7 inch CHS2750
(I've included the back of the cover so you get a decent picture of the band)
Having picked up a fair bit of airplay for the debut Get Out Of London but sold sod all copies, the commercially smart thing to do would be to put out another record with the same energy and sound, but different hooks.
But not Intaferon. They went back into the studio and recorded Steamhammer Sam.
They kept the principle of their first single - to merge disparate threads of musical styles into something intriguing, catchy and contemporarily relevant - but stylistically it's another world.
Where Get Out Of London's lyrics were a ratatat of paranoid imagery, Steamhammer Sam is a straightforward narrative story.
It was 1983, Thatcher's talons were tearing deep into the social fabric of the UK, and mass unemployment was a prime symptom. Steamhammer Sam was a topical story of a man who'd worked his whole life in heavy industry, got made redundant and became hopeless, directionless and alcoholic, ending his days alone in prison. Cheery surefire radio-friendly hit there.
Musically, the electropunk drive of Get Out Of London is nowhere to be seen, as Steamhammer Sam is driven by a piano-based sort of rhythm that could be termed The Madness Two-Step, the kind of thing that provides tha basis for tracks like The Size Of A Cow by The Wonder Stuff, or Grimly Fiendish by The Damned.
There are snatches of Glam Rock guitar (as I've said elsewhere, by 'Glam Rock' I mean the 70s stuff, not 80s poodle-metal), but the peculiarity really kicks in with the addition of a full colliery style brass band, and towards the end a choir of children do a sprightly singalong chorus, in stark contrast to the mood of the lyric.

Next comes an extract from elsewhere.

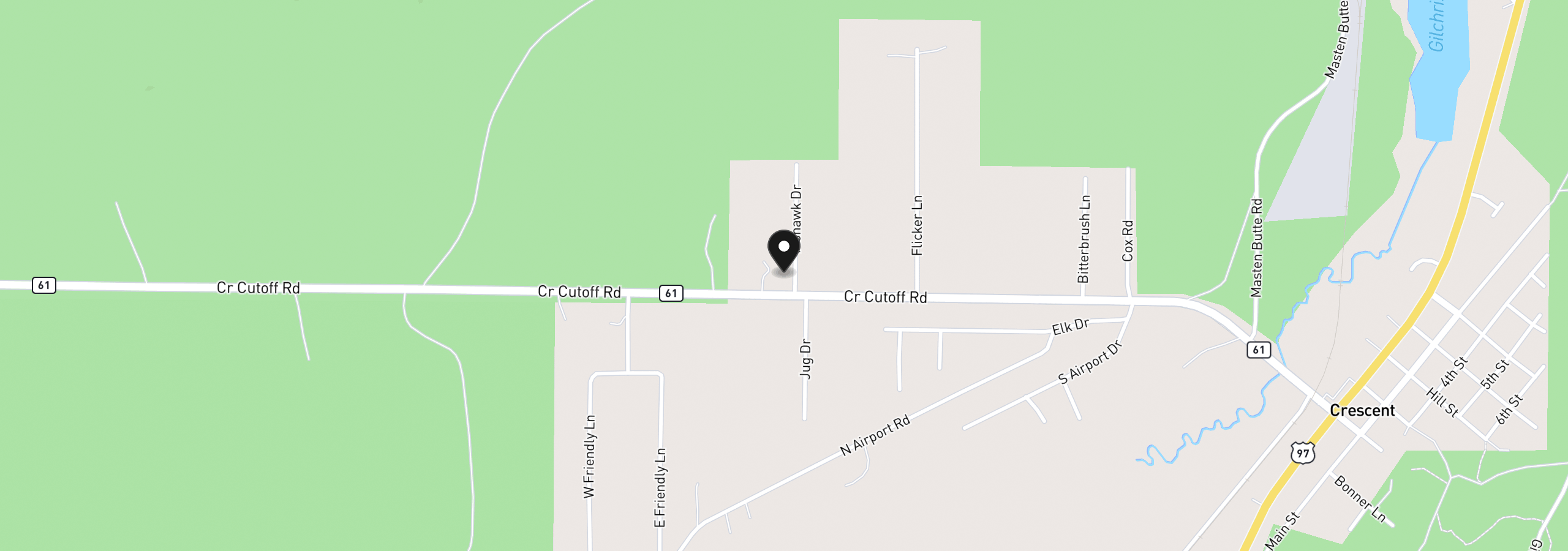 Map showing the location of 136922 Mohawk Dr, Crescent, OR 97733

As if to underline the bizarrity, the B-side is The Continuing Story of Steamhammer Sam, an instrumental version played entirely by that brass band.
The 7 inch came shrinkwrapped with a free 3-track cassette and sticker. I still have the sticker, but the cassette disappeared years ago and I can't even remember what was on it. It must've contained something not on the Get Out Of London and Steamhammer Sam singles, though.
As with its predecsssor, the single sold next to nothing, and after the subsequent Baby Pain they were never heard of again.